Special Seminar: Albert Gu, "New Structured Primitives for Machine Learning"
From Erin Klapacz
Abstract: Machine learning models are composed of simple primitives such as matrix multiplication and sequence transformations. Studying and improving these primitives is critical to advancing the capabilities of ML models: for example, the advent of powerful representations such as convolutions and self-attention led to breakthroughs in deep learning. However, existing models still have many drawbacks, including computational inefficiency and difficulty modeling long context; as a result, end-to-end models remain ineffective across a wide variety of important domains. In this talk, I will introduce several new primitives for machine learning models to address these challenges. These include new representations for structured linear algebra that allow faster matrix computations, and the HiPPO framework for encoding long context in continuous signals. I will then present the Structured State Space sequence model (S4), a new primitive that builds upon these representations to set state-of-the-art results across domains such as images, audio, and time-series. Together, these methods provide effective new building blocks for machine learning models, especially towards addressing temporal data at scale, which remains an open challenge.

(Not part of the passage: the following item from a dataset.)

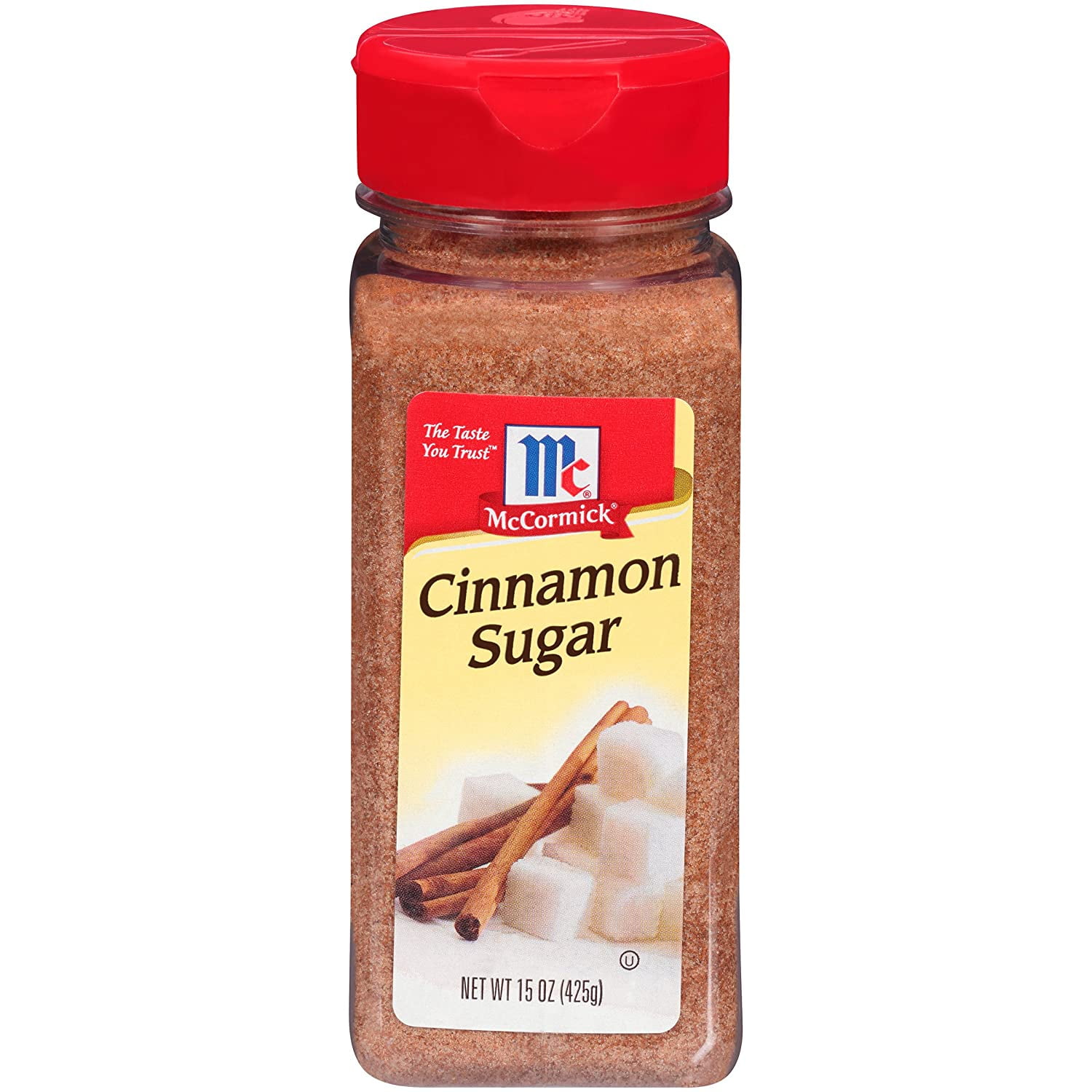 Super Deal Cinnamon Sugar, 15 Ounce (Pack of 1)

Bio: Albert Gu is a Ph.D. candidate in the Department of Computer Science at Stanford University, advised by Christopher Ré. His research broadly studies structured representations for advancing the capabilities of machine learning and deep learning models, with focuses on structured linear algebra, non-Euclidean representations, and theory of sequence models. Previously, he completed a B.S. in Mathematics and Computer Science at Carnegie Mellon University, and an internship at DeepMind.